(Data records)
# # # # #
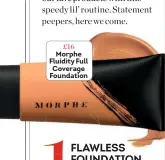  ??  ?? £16 Morphe Fluidity Full Coverage Foundation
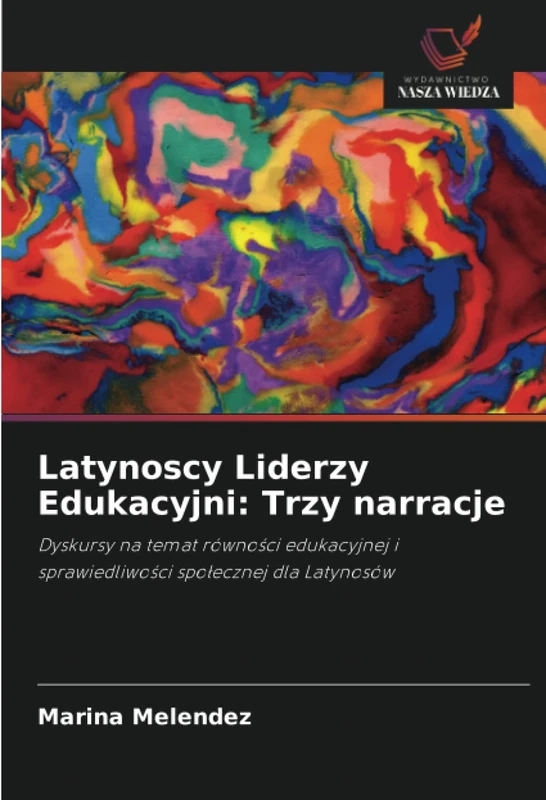 Latynoscy Liderzy Edukacyjni: Trzy narracje: Dyskursy na temat równości edukacyjnej i sprawiedliwości społecznej dla Latynosów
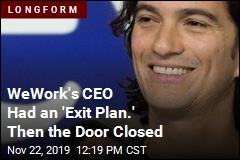WeWork's CEO Had an 'Exit Plan.' Then the Door Closed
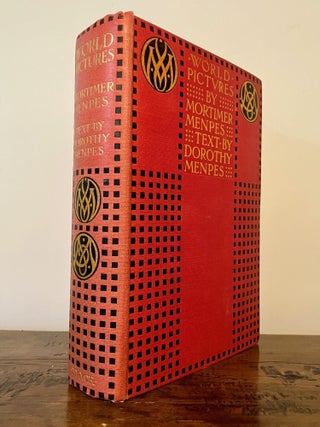 World Pictures Being A Record In Colour by Mortimer Menpes, Text by Dorothy Menpes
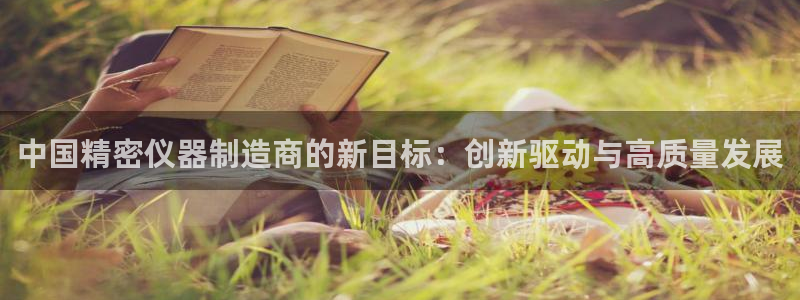 意昂平台体育：中国精密仪器制造商的新目标：创新驱动与高质量发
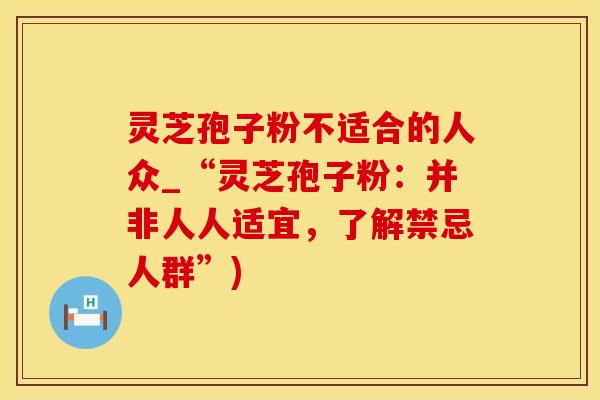 灵芝孢子粉不适合的人众_“灵芝孢子粉：并非人人适宜，了解禁忌人群”)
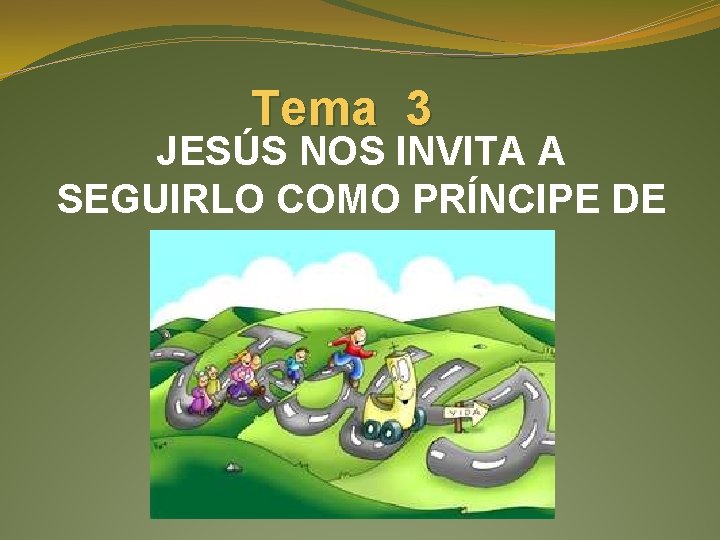 Tema 3 JESÚS NOS INVITA A SEGUIRLO COMO PRÍNCIPE DE LA PAZ 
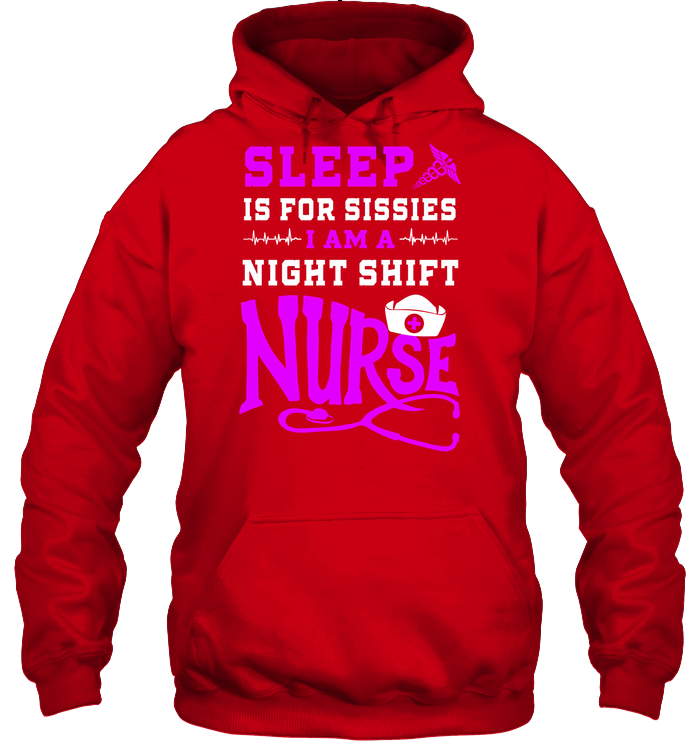 Sleep Is For Sissies I Am A Night Shift Nurse Nursing Shirt Unisex Heavyweight Pullover Hoodie Red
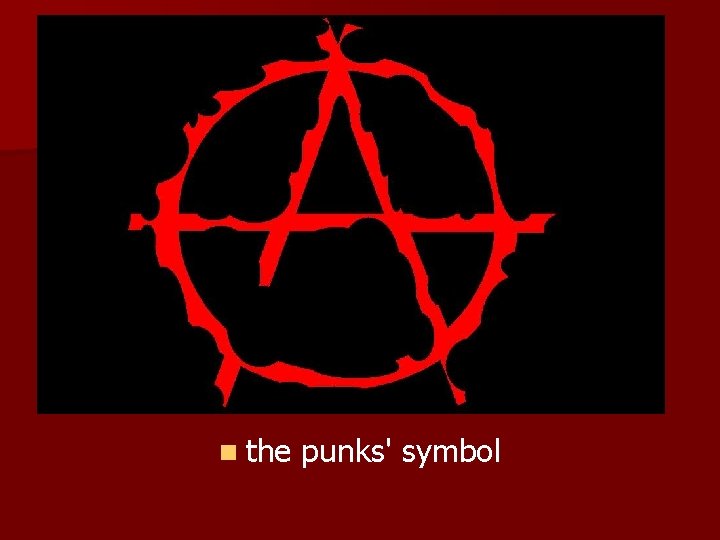 n the punks' symbol 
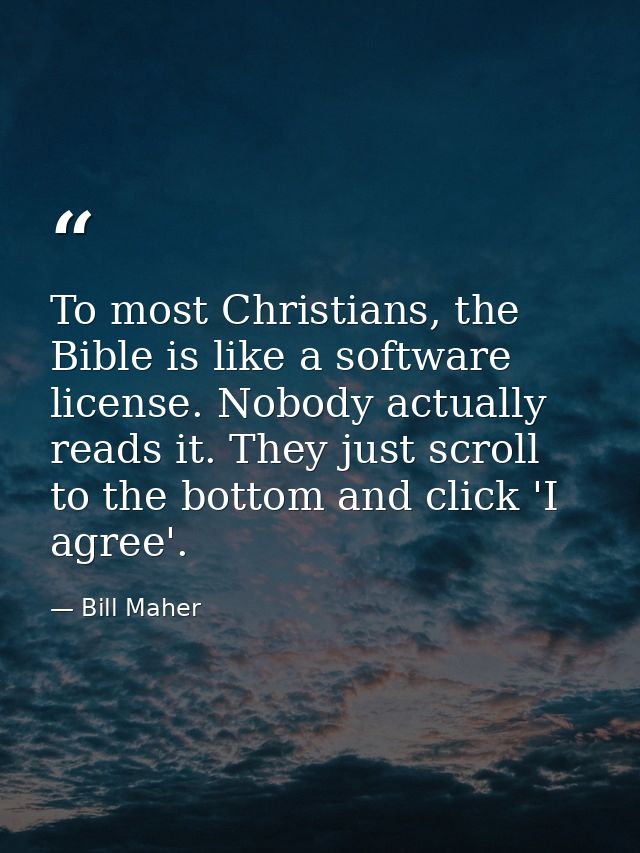 To most Christians, the Bible is like a software license. Nobody actually reads it. They just scroll to the bottom and c — Bill Maher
# # # # #
▶ **Work request**:
Could you write out, word for word, the lines from the one containing "World Pictures Being" through the last line of the records, leaving out the pictures?

▶ **Solution to the problem**:
 World Pictures Being A Record In Colour by Mortimer Menpes, Text by Dorothy Menpes
 意昂平台体育：中国精密仪器制造商的新目标：创新驱动与高质量发
 灵芝孢子粉不适合的人众_“灵芝孢子粉：并非人人适宜，了解禁忌人群”)
 Tema 3 JESÚS NOS INVITA A SEGUIRLO COMO PRÍNCIPE DE LA PAZ 
 Sleep Is For Sissies I Am A Night Shift Nurse Nursing Shirt Unisex Heavyweight Pullover Hoodie Red
 n the punks' symbol 
 To most Christians, the Bible is like a software license. Nobody actually reads it. They just scroll to the bottom and c — Bill Maher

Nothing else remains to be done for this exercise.